Exercise prompt -
Exactly the lines from the one containing "Professional GMT Automatic" through the end of the data, and nothing more, should be retyped; pictures stay out.

[Opening Data excerpt section]

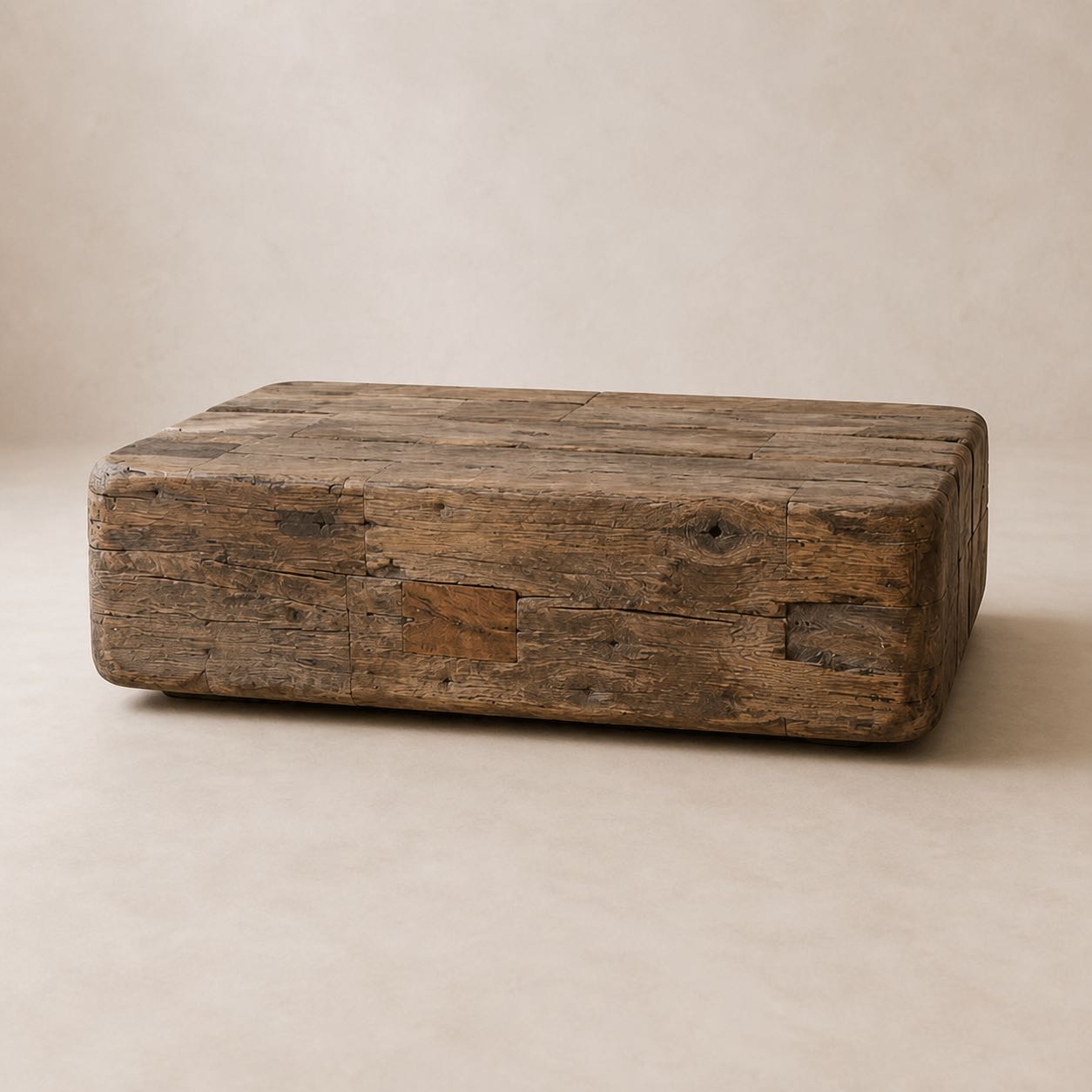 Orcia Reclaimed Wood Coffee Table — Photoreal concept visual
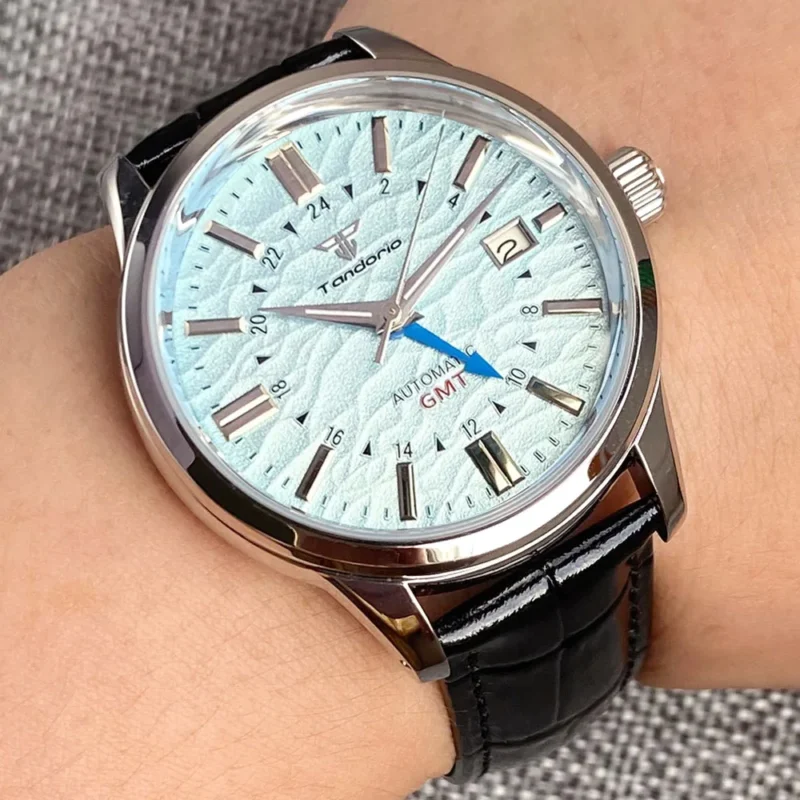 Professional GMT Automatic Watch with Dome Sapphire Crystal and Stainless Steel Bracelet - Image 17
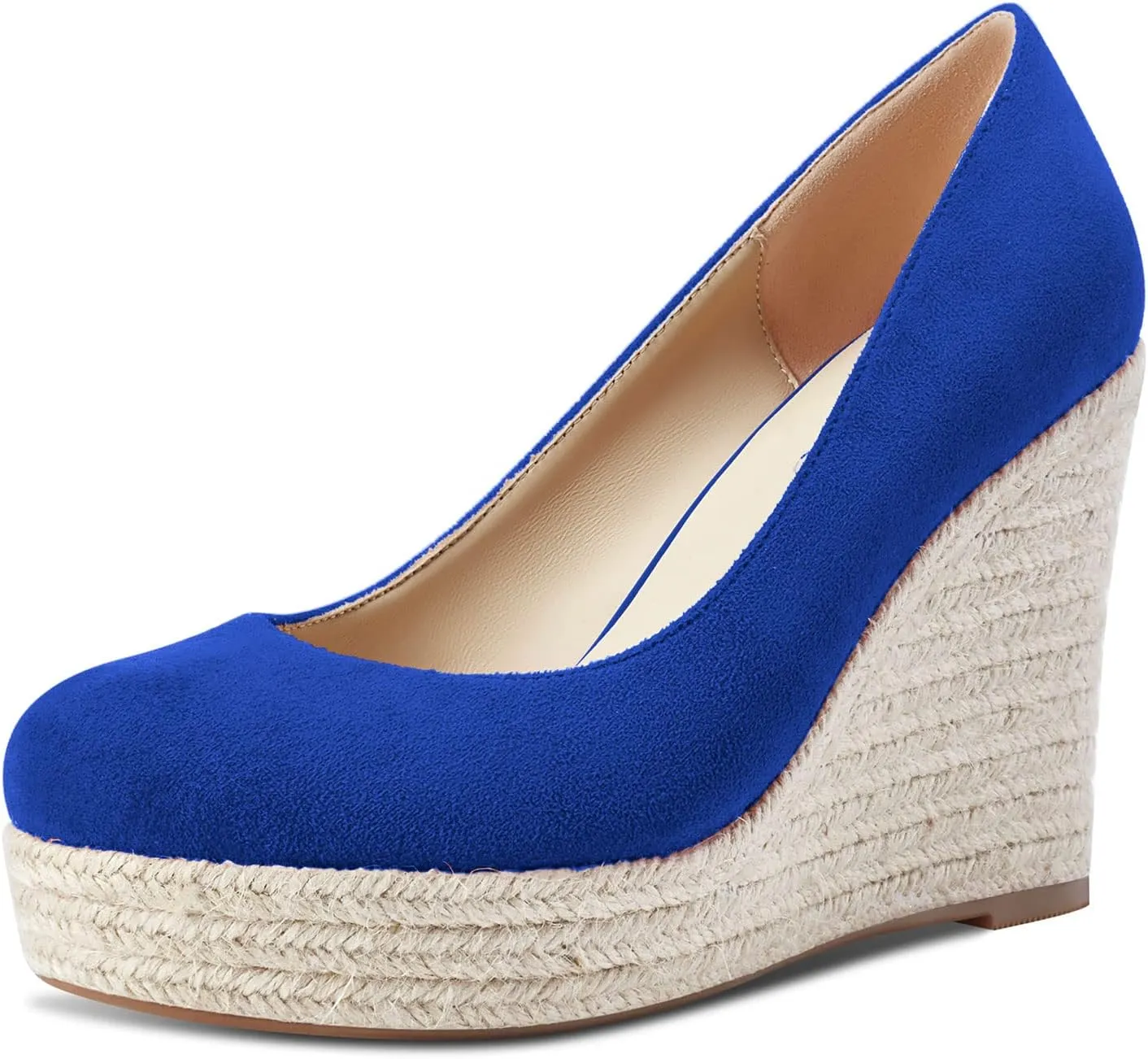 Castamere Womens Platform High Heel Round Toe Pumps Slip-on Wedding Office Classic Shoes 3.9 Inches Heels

[Closing Data excerpt section]

Written answer -
 Professional GMT Automatic Watch with Dome Sapphire Crystal and Stainless Steel Bracelet - Image 17
 Castamere Womens Platform High Heel Round Toe Pumps Slip-on Wedding Office Classic Shoes 3.9 Inches Heels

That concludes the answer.